Siemens Energy Article (Seeking Alpha)
Unfortunately, my position in this company was rather modest. It was a lift, but nothing noteworthy on a portfolio-wide basis. Still, I know at least one investor who bought heavily into Siemens Energy last year, and this would have resulted in significant outperformance if held onto his shares (which he did).
Let’s revisit Siemens Energy and see what we have here.
Siemens Energy – Revisiting the company and its upside
So. Siemens energy is a fairly easy company to understand. It’s what remains of Gas & Power from Siemens, a company with legacy similarities to General Electric (GE) and similar conglomerates. It also includes a majority stake in Gamesa (OTCPK:GCTAF). In short, you get exposure to pretty much all “things power” that Siemens did, or does.
Competence and know-how are the big arguments here – because the people in charge of Energy know what they’re doing. Christian Bruch has extensive expertise from Siemens, and the former Siemens CEO Joe Kaeser (The “Kaiser”) is the chairman of the supervisory board. Kaeser is the one that oversaw most of what Siemens is today and made sure that the company moved in this direction, which has indeed been a very profitable move for Siemens Energy.
There is a lot to like about Energy has a lot of legacy under its name. The energy division has been a core part of Siemens ever since it became a large business. They have multiple milestones, such as the creation of the Siemens-Schuckertwerke almost 130 years ago, which produced things like aircraft, engines, and trains. It was later bundled into Power Engineering by 1969 and bundled into the Energy Sector in -08 prior to being spun off. Energy is also a huge employer, employing 88,000 people across the world, and its revenues of over €25B means that it’s actually one of the largest segments of Siemens overall.
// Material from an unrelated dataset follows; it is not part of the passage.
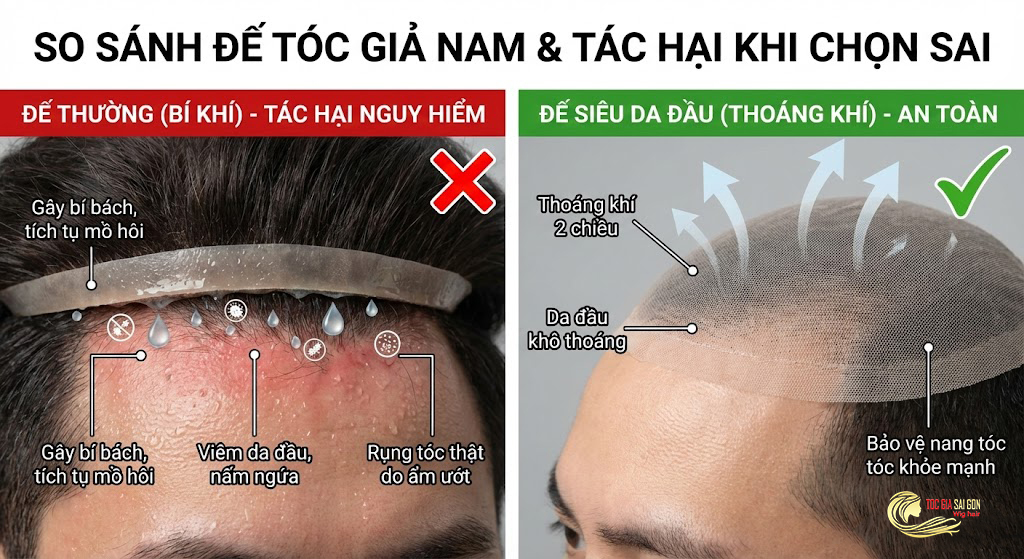 Tác hại khi chọn sai loại tóc giả nam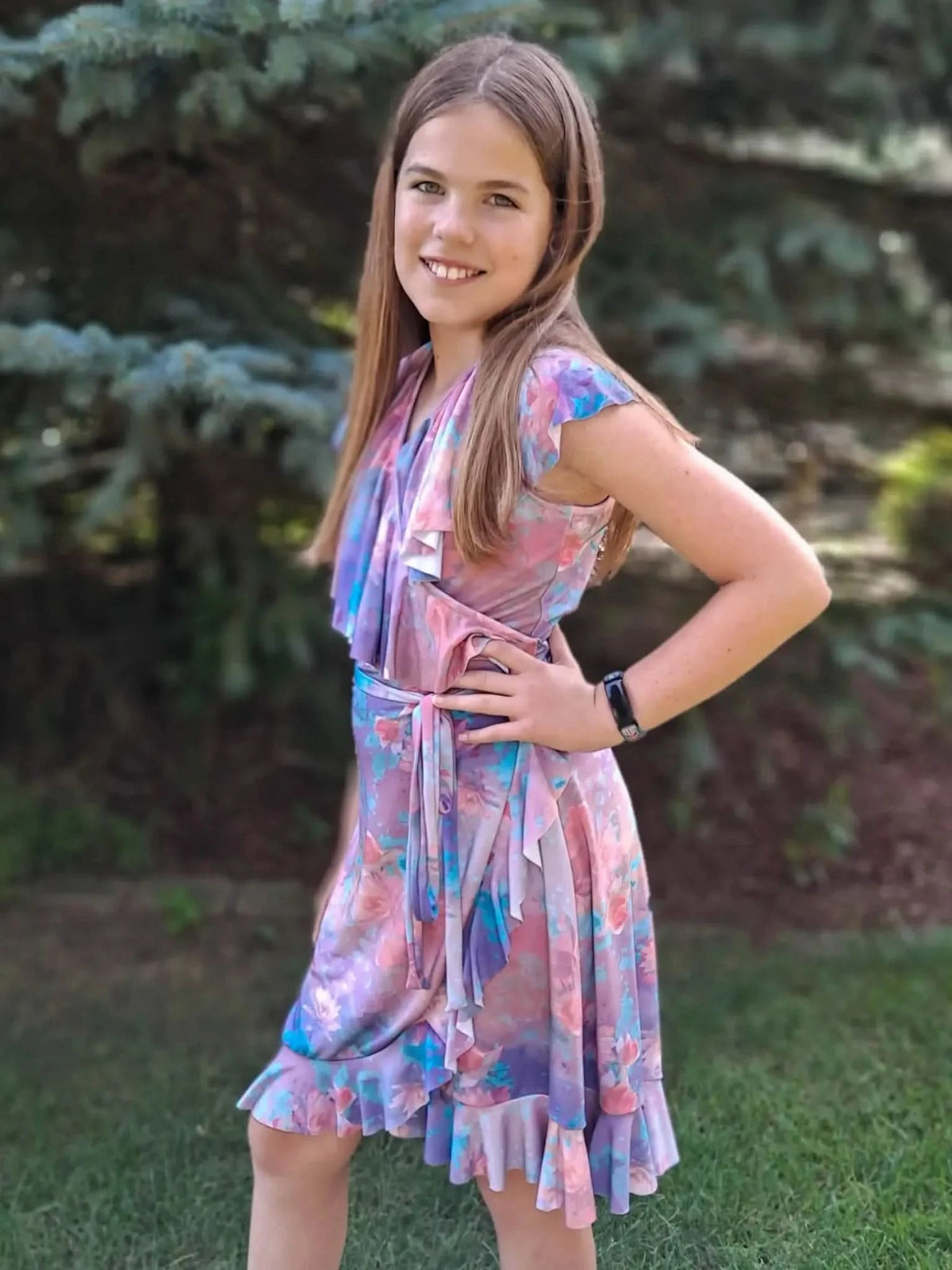 Purple glass flowers fabric with a vibrant, multicolored floral pattern.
The Spin-off was performed in 2020, and trading of the Energy shares began around 2 years ago.
When I wrote about it, the performance wasn’t pleasant to behold – it had mostly crashed down and was trading far below par in a market that seemed intent on crushing the stock. The company began trading just above €20/share, and went up to around €30, only to then fall to the current level back in October, having lost almost 50% of its market value for the past 1-2 years.
But that was as low as it went. After that, and I’m happy I held onto the rest given the outperformance we’ve been seeing – but to be clear, selling most of my shares at IPO was really the way to go because I was able to invest substantial capital in “more” attractive businesses which in turn yielded better returns.
Anyway – Siemens Energy today is performing much better, both as a company but also as an investment.
Energy is essentially a play on the current transformation of the industry. It holds things like power generation, grid tech, transformation products for ESG, Wind Energy technologies, and the services to go with all of these segments. Doesn’t sound bad, right?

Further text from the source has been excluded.